Without knowing that, yes, I would be concerned if my patient had an almost 3 gm unexplained drop in Hgb over the last 24 hours. (You also didn't say if you had noted any bleeding anywhere I don't think.) I think it would be appropriate to call the doc and ask to hold the heparin (at least mention it), especially if his PTT was therapeutic or supratherapeutic.

This butt chewing thing -- ? Makes no sense. Who cares. Blow it off?

And "lost her arm"? Give me a break. How about dies from a GI bleed?

Thank you all for your replies.

A few more pieces of relevant info:

* No, I did not see any obvious signs of bleeding.

* The patient's vitals did not indicate hypovolemic shock.

* I don't remember what the PTT was. I don't even think I checked since I wasn't concerned with adjusting the gtt, but rather concerned with whether or not to continue it. I do see now how knowing the PTT would indicate whether the gtt was therapeutic or too high as to increase the chance of bleeding.

Meandragon,

Thanks for your comment about "risk vs. benefit". This is something I have to consciously work on. I tend to be a black-and-white kind of girl, when much of medicine is in the "gray area".

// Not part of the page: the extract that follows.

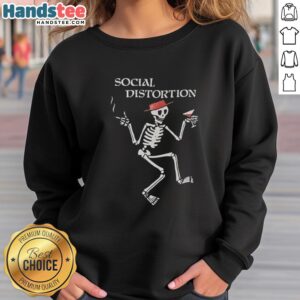 Stylish Nice Social Distortion skeleton sweatshirt featuring bold graphics and a comfortable fit, perfect for punk fashion fans.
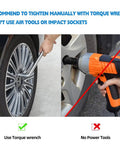 Manual tightening wheel lug nuts using torque wrench with a warning against using power tools; M12x1.5 Lug Nuts Set Of 20 With Socket Key And Caps Closed End Bulge Lug Nuts 60 Degree Conical Seat 1.38 Inch Long 0.8 Inch Diameter Fits Honda Accord CRV Civic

One thing I find myself struggling with is knowing my boundaries in the ICU. On the tele floor, our hands are tied, and we don't do much of anything without first calling the doctor. In the ICU however, the nurses have much more autonomy, and do a lot of treating before calling the doctor, especially on the night shift. So, I'm having to learn to adjust my thinking and actions because of this. (By the way, hospital-wide we have been discouraged from calling docs in the middle of the night, so we often wait to call abnormal labs, results, etc. until in the morning unless it's something critical. We are going to be getting intensivists soon, so I think it will be better to always have a point of contact during the night.)